Missing value is a common problem in data analysis. In R, missing value is represented by NA. In this section, we will talk about how to handle missing value in R.

Remove rows with NA

The first idea is to just remove the rows with missing value. In R, we can use drop_na function in tidyr package to remove rows with missing value.

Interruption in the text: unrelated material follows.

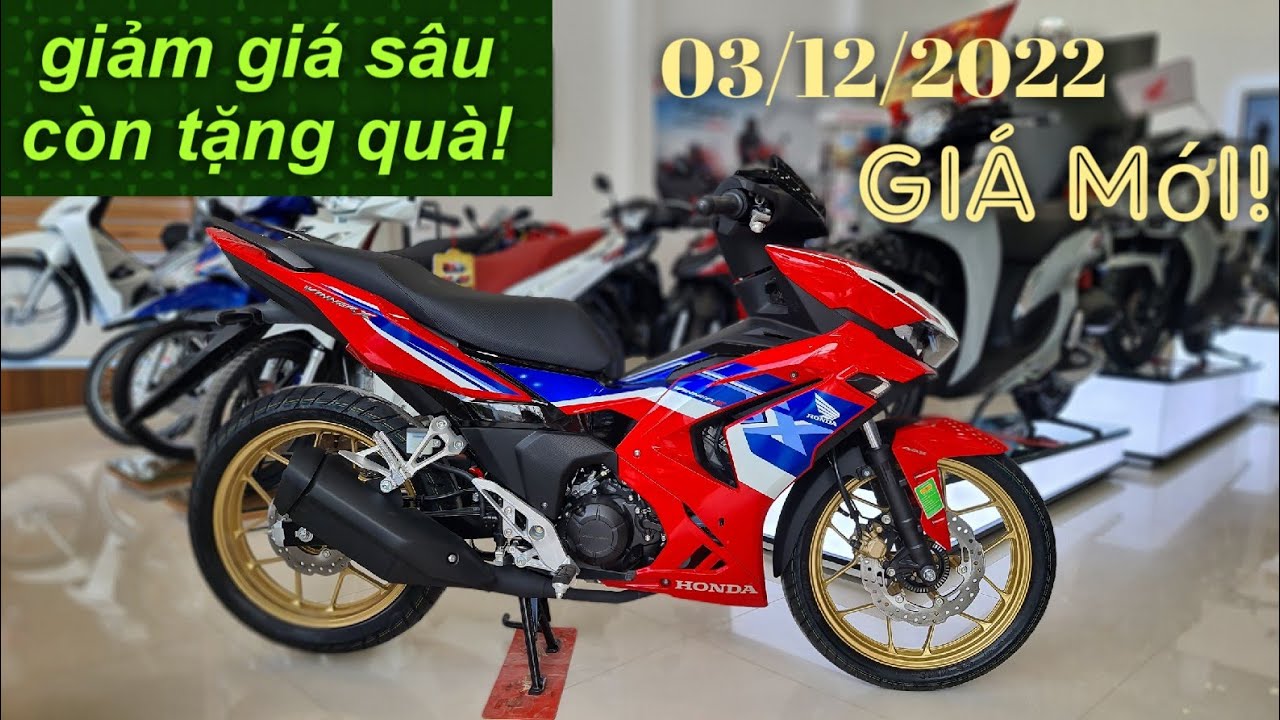 Giá Honda Winner X chạm đáy mới bản rẻ nhất chưa đến 32 triệu đồng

We first define a dataframe with missing value:

# Data
df_missing <- data.frame(
  ID = 1:6,
  Value = c(10, NA, 15, NA, 20, 25)
)

Then we can use drop_na function to remove rows with missing value:

df_missing %>% 
  drop_na()

Filling with last value

Another way to deal with missing value is to fill it with the last value. For example in the table shown below.

Question Category Answer
Favorite movie horror Silent Hill
comedy American Pie
Favorite song pop Blank Space
rock Bohemian Rhapsody

In this example the first column has missing value. We can fill the missing value with the last value above it. The result will look like this:

Question Category Answer
Favorite movie horror Silent Hill
Favorite movie comedy American Pie
Favorite song pop Blank Space
Favorite song rock Bohemian Rhapsody

To perform it in R, we can use fill function in tidyr package. We continue to use the dataframe we defined in the previous section:

df_missing %>%
    fill(Value, .direction = "down")

Replace NA with arbitrary value

Another way to deal with missing value is to replace it with an arbitrary value. For example, we can replace the missing value with 0. The replace_na function in tidyr package can help us to do that.

df_missing %>% 
  replace_na(list(Value = 0))

Put it all together

Now let's put everything we learned together to build a data wrangling pipeline. Here is an example code. Can you tell what each line of coding is doing?

P.S. We are using the cereal dataset in this example.

df %>%
    filter(!mfr %in% c('N', 'Q')) %>%
    group_by(shelf) %>%
    summarise(Avg_carb = mean(carbo), Num = n()) %>%
    arrange(desc(Avg_carb)) %>%
    mutate(Total_carb = Avg_carb * Num) %>%
    rename(ShelfNo = shelf)

Cheat Sheet Resources

  • Tidyr cheatsheet: Link
  • Dplyr cheatsheet: Link

Some comments in the end

The syntax of tidyverse packages are verbose but intuitive. Sometimes when you are dealing with very large datasets and want faster speed, datatable will be a good choice.